Capital Gains Tax Calculator — STCG & LTCG
Calculate your tax on investment gains from stocks, mutual funds, or property. Updated with Budget 2024 rates: STCG 20%, LTCG 12.5% with ₹1L exemption.
STCG vs LTCG: What Changed in Budget 2024?
The Union Budget 2024 significantly revised capital gains tax rates for equity investments. Short Term Capital Gains (STCG) on equity — for assets held less than 1 year — were increased from 15% to 20%. Long Term Capital Gains (LTCG) on equity — for assets held over 1 year — were increased from 10% to 12.5%, but the annual exemption of ₹1 lakh was retained.
For debt mutual funds and property, indexation benefits were removed from Budget 2024. Both STCG and LTCG on non-equity assets are now taxed at 12.5% flat (without indexation), or at income slab rates for assets held less than the qualifying period.

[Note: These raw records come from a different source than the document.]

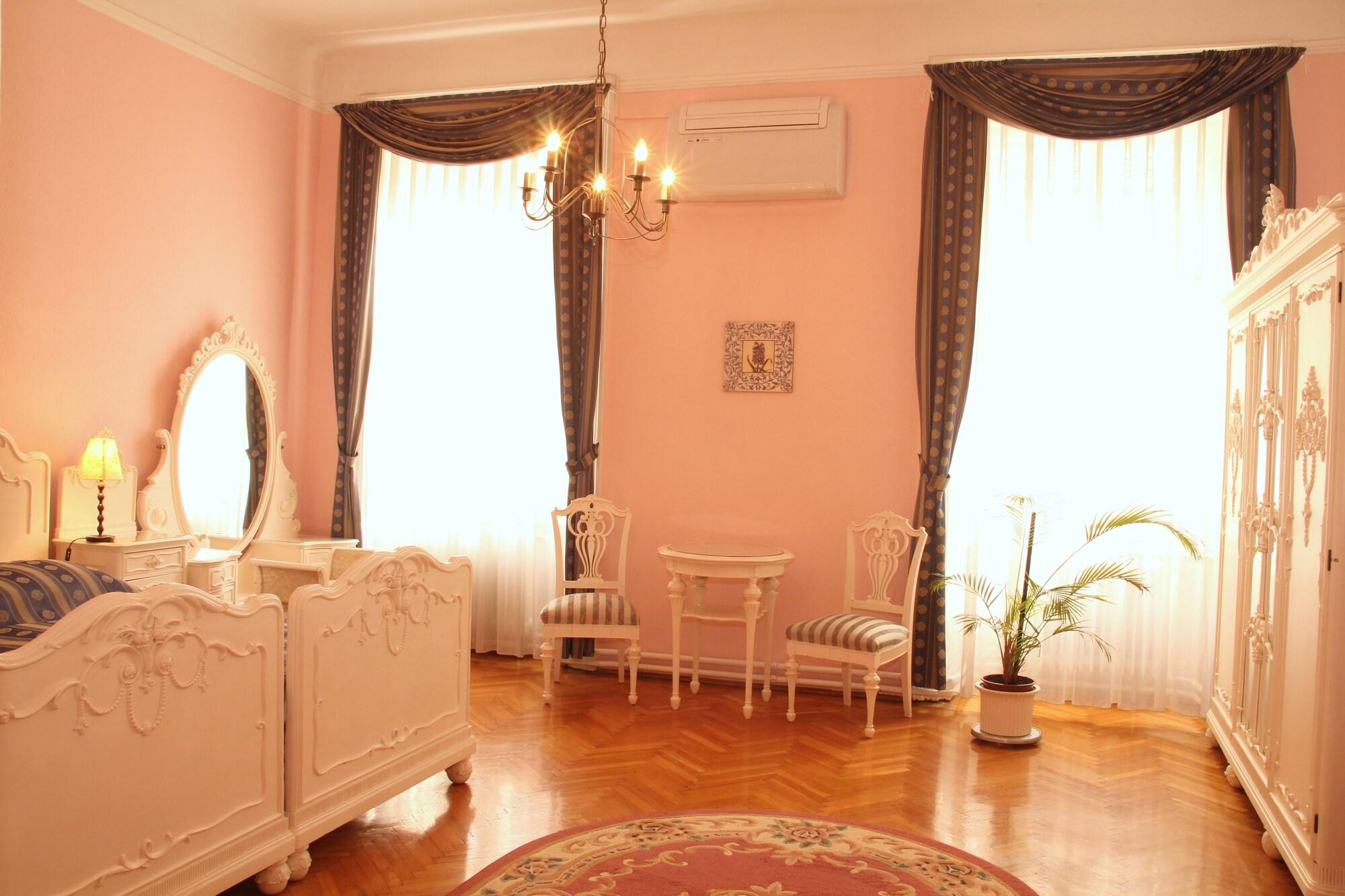 Apartmanhotel Kalvin House 3*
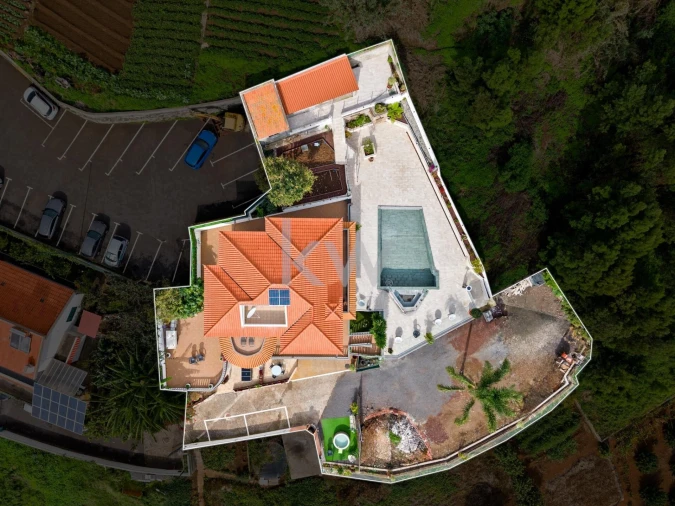 Moradia T9 para Venda em Monte Foto 3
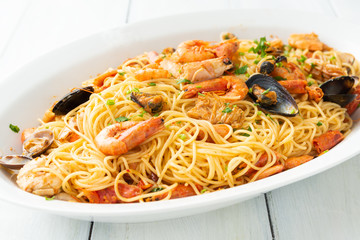 Spaghetti allo scoglio, seafood spaghetti, Mediterranean food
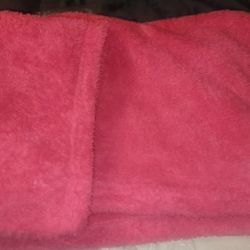 T-mobile Pink Fleece Throw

How to Calculate Capital Gains on Mutual Funds
For equity mutual funds: Capital Gain = Sale Price − Purchase Price. If held for more than 1 year, it qualifies as LTCG. LTCG up to ₹1,00,000 per year is tax-free. Gains above ₹1L are taxed at 12.5%.
Example: You bought equity MF units worth ₹2 lakhs and sold for ₹3.5 lakhs after 2 years. Gain = ₹1.5L. Taxable gain = ₹1.5L − ₹1L exemption = ₹50,000. LTCG tax = ₹50,000 × 12.5% = ₹6,250.
Tax Harvesting: A Strategy to Reduce LTCG
Tax harvesting involves selling equity investments every year to book up to ₹1 lakh of LTCG (tax-free), and immediately reinvesting. This resets your cost basis to the higher value, reducing future taxable gains. For example, if your equity portfolio has unrealised gains of ₹80,000 in March, selling and reinvesting means you pay zero LTCG tax and your new purchase price is higher.
This strategy is particularly effective for long-term investors in Odisha who systematically invest via SIP and let their portfolio grow without selling. Consult a CA or SEBI-registered advisor before implementing this strategy.